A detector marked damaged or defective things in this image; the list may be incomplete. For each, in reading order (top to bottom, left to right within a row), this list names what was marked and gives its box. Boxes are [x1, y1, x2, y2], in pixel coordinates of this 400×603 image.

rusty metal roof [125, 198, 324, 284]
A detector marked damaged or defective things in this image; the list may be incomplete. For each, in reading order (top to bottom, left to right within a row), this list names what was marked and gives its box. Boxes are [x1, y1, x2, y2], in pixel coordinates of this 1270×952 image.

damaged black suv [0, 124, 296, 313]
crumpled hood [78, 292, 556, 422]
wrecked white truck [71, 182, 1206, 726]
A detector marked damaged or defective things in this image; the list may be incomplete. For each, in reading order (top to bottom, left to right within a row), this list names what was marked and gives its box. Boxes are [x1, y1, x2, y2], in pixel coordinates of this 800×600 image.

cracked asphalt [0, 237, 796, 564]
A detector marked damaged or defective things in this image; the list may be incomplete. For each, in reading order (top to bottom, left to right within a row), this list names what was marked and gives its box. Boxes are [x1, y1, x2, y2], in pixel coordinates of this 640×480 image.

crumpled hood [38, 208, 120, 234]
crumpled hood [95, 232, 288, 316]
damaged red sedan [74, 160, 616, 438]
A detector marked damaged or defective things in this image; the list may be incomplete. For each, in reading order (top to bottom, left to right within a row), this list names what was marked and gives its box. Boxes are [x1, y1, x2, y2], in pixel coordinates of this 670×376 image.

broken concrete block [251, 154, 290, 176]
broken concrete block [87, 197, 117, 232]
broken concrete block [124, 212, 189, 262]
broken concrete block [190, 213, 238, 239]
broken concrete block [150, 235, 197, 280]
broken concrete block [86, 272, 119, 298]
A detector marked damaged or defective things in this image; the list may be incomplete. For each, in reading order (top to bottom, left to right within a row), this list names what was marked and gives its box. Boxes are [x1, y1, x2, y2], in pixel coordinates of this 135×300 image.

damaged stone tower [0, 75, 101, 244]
-------
* [Exercise aim]:
The answer should be the full listing, repeated without any change.

* [Exercise output]:
A detector marked damaged or defective things in this image; the list may be incomplete. For each, in reading order (top to bottom, left to right within a row), this list names what was marked and gives its box. Boxes are [x1, y1, x2, y2], in pixel coordinates of this 400×603 image.

rusty metal roof [125, 198, 324, 284]
A detector marked damaged or defective things in this image; the list may be incomplete. For each, in reading order (top to bottom, left to right within a row), this list names what was marked and gives its box. Boxes are [x1, y1, x2, y2], in pixel coordinates of this 1270×952 image.

damaged black suv [0, 124, 296, 313]
crumpled hood [78, 292, 556, 422]
wrecked white truck [71, 182, 1206, 726]
A detector marked damaged or defective things in this image; the list may be incomplete. For each, in reading order (top to bottom, left to right within a row), this list names what was marked and gives its box. Boxes are [x1, y1, x2, y2], in pixel coordinates of this 800×600 image.

cracked asphalt [0, 237, 796, 564]
A detector marked damaged or defective things in this image; the list may be incomplete. For each, in reading order (top to bottom, left to right within a row), this list names what was marked and gives its box. Boxes are [x1, y1, x2, y2], in pixel coordinates of this 640×480 image.

crumpled hood [38, 208, 120, 234]
crumpled hood [95, 232, 288, 316]
damaged red sedan [74, 160, 616, 438]
A detector marked damaged or defective things in this image; the list may be incomplete. For each, in reading order (top to bottom, left to right within a row), this list names what was marked and gives its box. Boxes are [x1, y1, x2, y2], in pixel coordinates of this 670×376 image.

broken concrete block [251, 154, 290, 176]
broken concrete block [87, 197, 117, 232]
broken concrete block [124, 212, 189, 262]
broken concrete block [190, 213, 238, 239]
broken concrete block [150, 235, 197, 280]
broken concrete block [86, 272, 119, 298]
A detector marked damaged or defective things in this image; the list may be incomplete. For each, in reading order (top to bottom, left to right within a row), this list names what was marked and gives its box. Boxes are [x1, y1, x2, y2], in pixel coordinates of this 135×300 image.

damaged stone tower [0, 75, 101, 244]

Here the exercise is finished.